Preparing this year’s taxes, I recalled a mock two-line tax form. The first line asked: “How much did you make this past year?” The second line commanded: “Send it in.” I examined the proposed 2007 federal budget of close to $3 trillion to see where my tax dollars might go. Although the government actually receives just 44 percent of revenues from individual income taxes (an additional 37 percent is from Social Security and retirement taxes), I recalculated the budgetary total on a per capita basis, as if everything was derived directly from each citizen.
From my calculations, it looks like Uncle Sam receives almost $10,000 annually from each of us. I want him to spend my money differently.

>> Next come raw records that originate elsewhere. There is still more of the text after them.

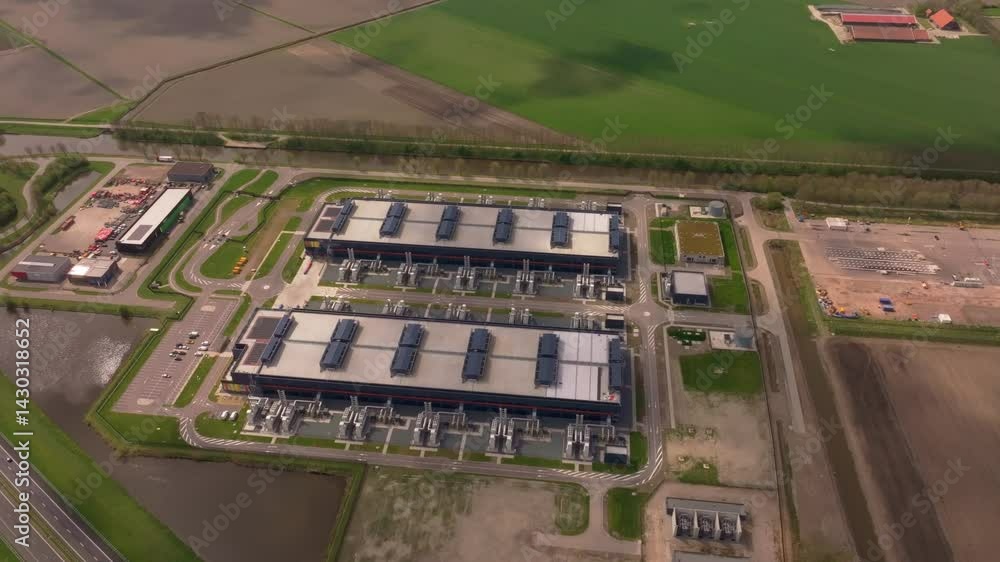 Poster futuristic data complex with server halls in the netherlands. aerial drone video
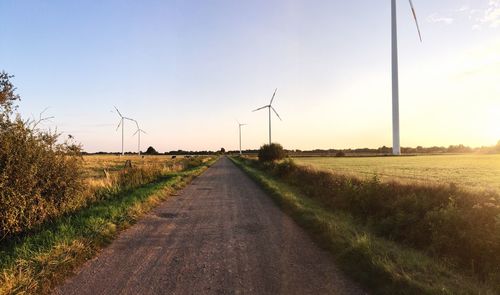 Wind turbines on field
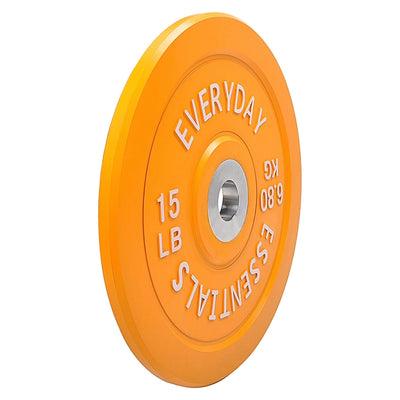 BalanceFrom Everyday Essentials 15 Pound Olympic Weight Plate, Set of 2, Yellow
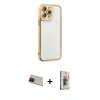 MARSİLYAN™- iPhone 13 Pro Max Kılıf Çekirdek Klasik Serisi - Siyah Bilvis 3D Cam Ekran Koruyucu + Kırmızı Rainbow Kamera Lens Koruma Cam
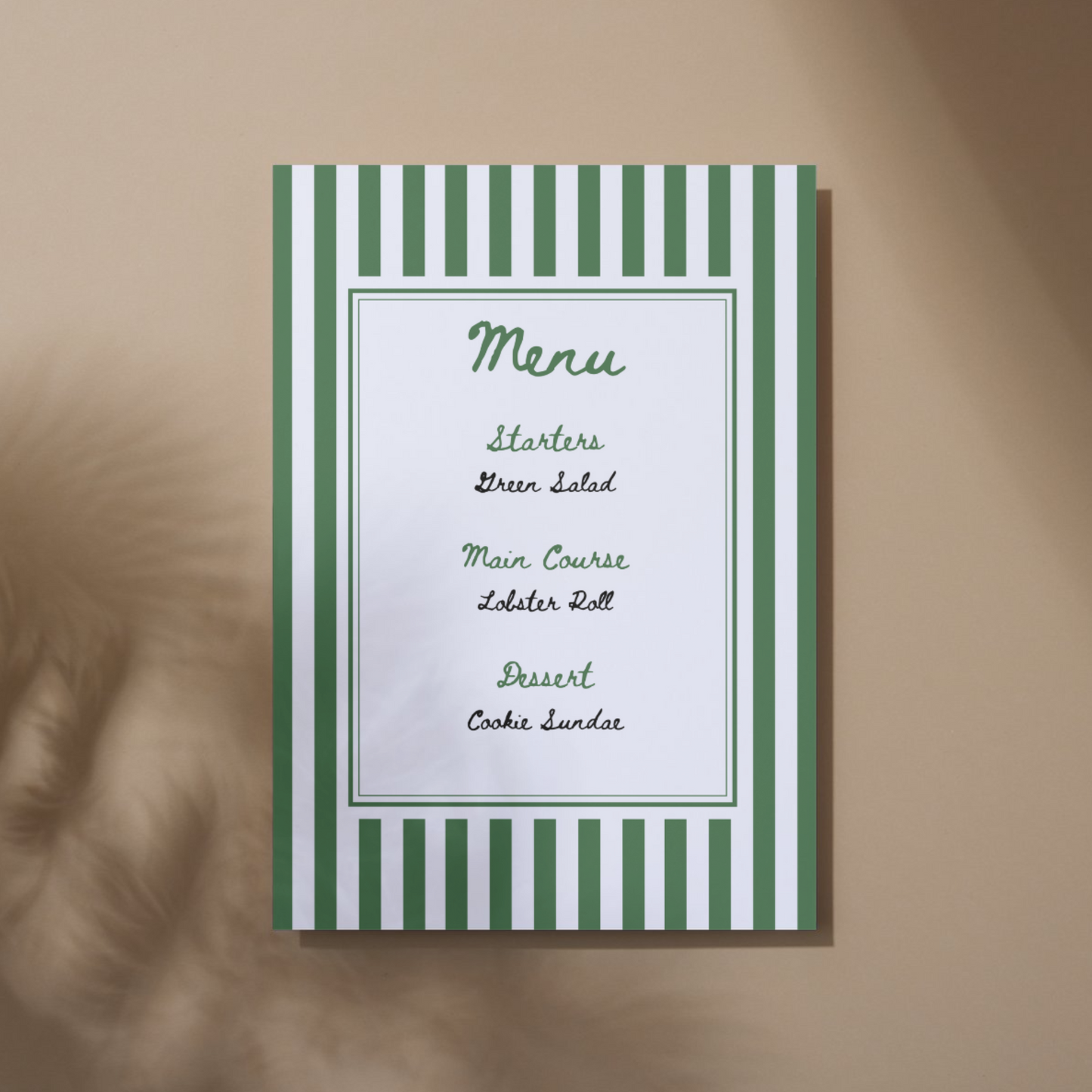 Cabana Stripe Menu Card (Printable Template)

The 2007 budget allocates less than the cost of a pack of gum — just 20 cents of each person’s $10,000 ($60 million) — for fusion energy technology. Another paltry 20 cents supports Nuclear Power 2010, the program designed to make it feasible to build new domestic nuclear power plants for the first time in three decades. Project FutureGen, a project to design the next generation of electrical power plants fueled by coal with near-zero atmospheric emissions, also got 20 cents. Funds supporting alternate energy sources — albeit almost double those for 2006 — include 50 cents for the Solar America Initiative (photovoltaic cells and concentrated solar power systems) and another 50 cents for the BioFuels Initiative. We ought to be able to do more.
These geologically relevant disbursements are a pittance compared with other costs, such as the wars in Iraq and Afghanistan. For 2007, Congress has already approved spending $230 per person ($70 billion) for the wars. And the Bush administration has proposed an additional $425 to $525 per person ($127 billion to $160 billion), with another $40 per person for the recent “surge.” Overall since 2001, Congress has approved about $1,700 per person (about $500 billion) for the wars in Iraq and Afghanistan and the global war on terror.
This would bring the total cost of the war on terror (including Iraq and Afghanistan) to more than that of the Vietnam War, which was $536 billion (adjusted) according to articles appearing Nov. 17, 18 and 19, 2006, in USA Today. World War II is the costliest modern conflict ($3.6 trillion in 2006 dollars), but recent estimates suggest that the eventual cost of the Iraq conflict will be $1 trillion to $2 trillion: That’s $3,000 to $6,000 per U.S. citizen.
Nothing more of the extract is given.